Buying a first home can be intimidating. There are numerous questions to ask, countless factors to consider, and endless options for size, area, amenities, school districts, and more.

Mistakes among first time buyers are common. Here are a few of the common mistakes we see, as well as a few tips to help you avoid problems and find the right mortgage for an outstanding home!

5 Things to Avoid When Buying Your First Home

Looking for House Before Applying for Loan

Most home purchases follow a very specific step-by-step process. The first step, after setting a budget, should be to get pre-approved or pre-qualified for a mortgage. Unfortunately, many people skip this step and go straight to looking for a home.

This presents problems when it comes time to view homes. Sellers and real estate agents want to work with people who are likely to buy a home and can afford the purchase; getting pre-approved acts like a verification, telling the sellers that you are (most likely) able to make the purchase.

Pro Tip: Before contacting a real estate agent, get pre-approved or pre-qualified for a mortgage

Buying furniture on credit is a common mistake when buying a first home.

Taking Out New Debt

One of the worst things you can do when buying your first home, for both your personal finances and your mortgage application, is to take out new debt. This is an all-to-common problem that disrupts your loan approval and can create havoc for your personal budget.

When preparing to purchase a home, especially your first home, it’s easy to get excited. (In fact, you should be excited!) But unfortunately many buyers rush out and purchase new furniture, new appliances, and new technologies for their home; many of these purchases are made with credit, which increases your debt load.

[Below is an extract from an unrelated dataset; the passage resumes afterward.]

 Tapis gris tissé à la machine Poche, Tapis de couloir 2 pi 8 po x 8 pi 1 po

This debt load not only creates a tighter budget, it can also disrupt your mortgage approval. When lenders see new debt, they may get worried that you have overextended and decide to either pull your mortgage or increase your interest rate. The first leaves you with no home (yet) and lots of new (and expensive) items; the second makes your homeownership more expensive.

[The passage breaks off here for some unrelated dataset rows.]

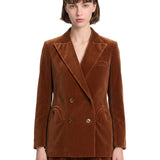 Blazer Everynight in velluto in marrone 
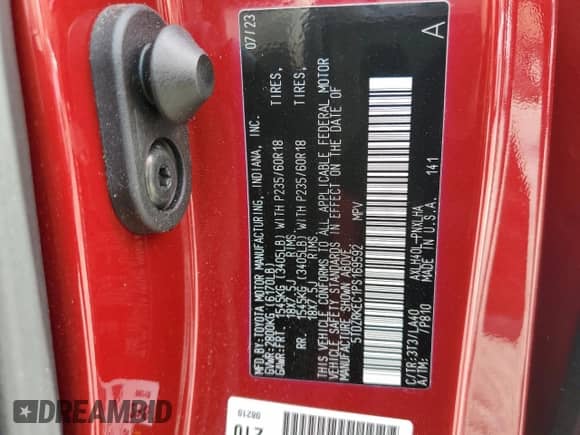 2023 Toyota Sienna Limited с VIN 5TDZRKEC1PS169592, выставлен на аукционе Copart как лот 80927884 с пробегом 9 431 миль миль и Списание • Salvage title. История ставок и продаж доступна на DreamBid. Изображение 13.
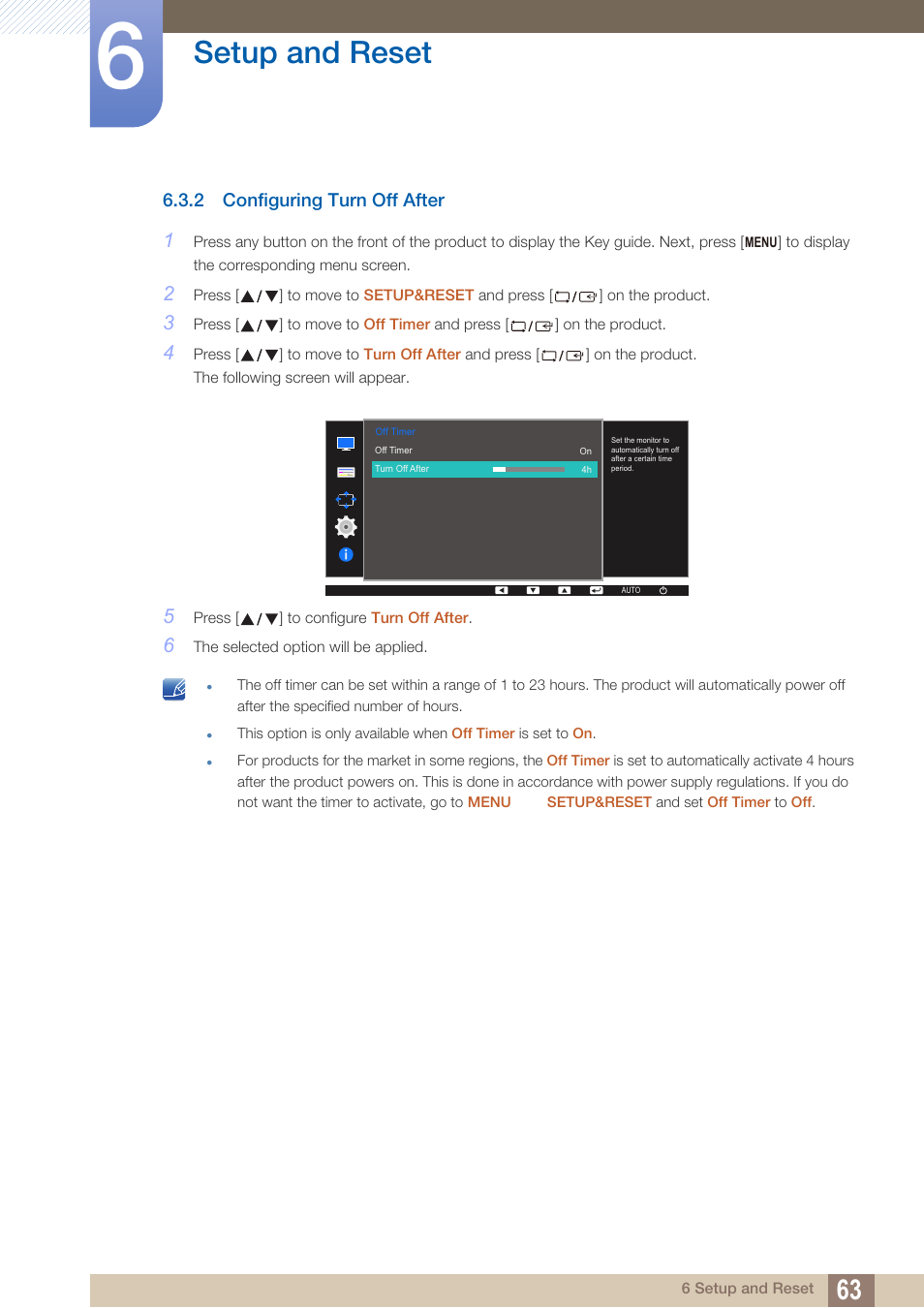 2 configuring turn off after, Configuring turn off after, Setup and reset | Samsung LS27D390HS-ZA User Manual | Page 63 / 94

Pro Tip: Avoid new debt to ensure a seamless, affordable mortgage.

Buying a House You Don’t Want, Don’t Need

One of the fastest ways to lose money is to sell a home immediately or soon after making the purchases. With closing costs, realtor fees, listing expenses, and other costs that come from buying and selling a home, you can lose as much as 5% when you sell. Don’t let that happen to you; buy a house you want, one that will make you happy for years to come.

For example, if you have a growing family and expect more children in the near future, you probably should purchase a two-bedroom home. If you love living near a city’s downtown area, you probably shouldn’t purchase a house on the outskirts of town.

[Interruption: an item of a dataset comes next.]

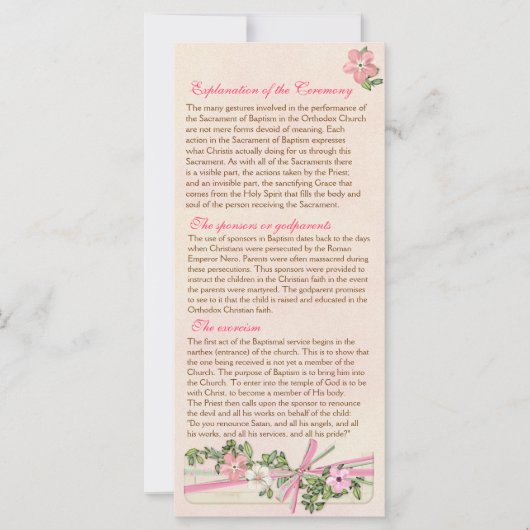 programma Floral Baptismal 2/5 (Voorkant)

Buying a home that is too small is common, but it’s also important that you don’t buy a house that is too big. When you meet with a lender, there’s a good chance that you’ll be approved for a mortgage that is larger than you need; just because you can take out a larger loan doesn’t mean you should. Instead of thinking about the absolute highest price you can afford, set a target price and stick with that number.

Pro Tip: Think about what will make you happy now and in the future.

Thinking of Home Solely as an Asset

It’s a cliche, but, like most cliches, it’s true: your home is likely the largest single purchase you will purchase in a lifetime. Therefore, it’s important to think of the home as an investment, one that will not only hold its value but also gain in value.

But many people get caught in the trap of thinking about the home solely as an asset. This type of thinking can lead you to justify purchasing more than you need (it’s an asset, so why not take out another $200,000?) and can cause you to purchase a home that won’t make you happy.

Asset-focused thinking also leads people to attempt to “time the market,” and make a purchase at a point when prices are low, interest in ideal, and values are set to climb. Treating a home purchase like a stock investment often result in bad decision making.

Yes, it is a financial investment, but it’s also your home. Personal preferences and desires, regardless of cold-hard numbers, should also be considered. When the right home comes up and you are ready to buy, make the purchase.

Pro Tip: Prioritize your happiness as much or more than cold, hard, asset-based thinking and ignore the urge to “time the market” perfectly.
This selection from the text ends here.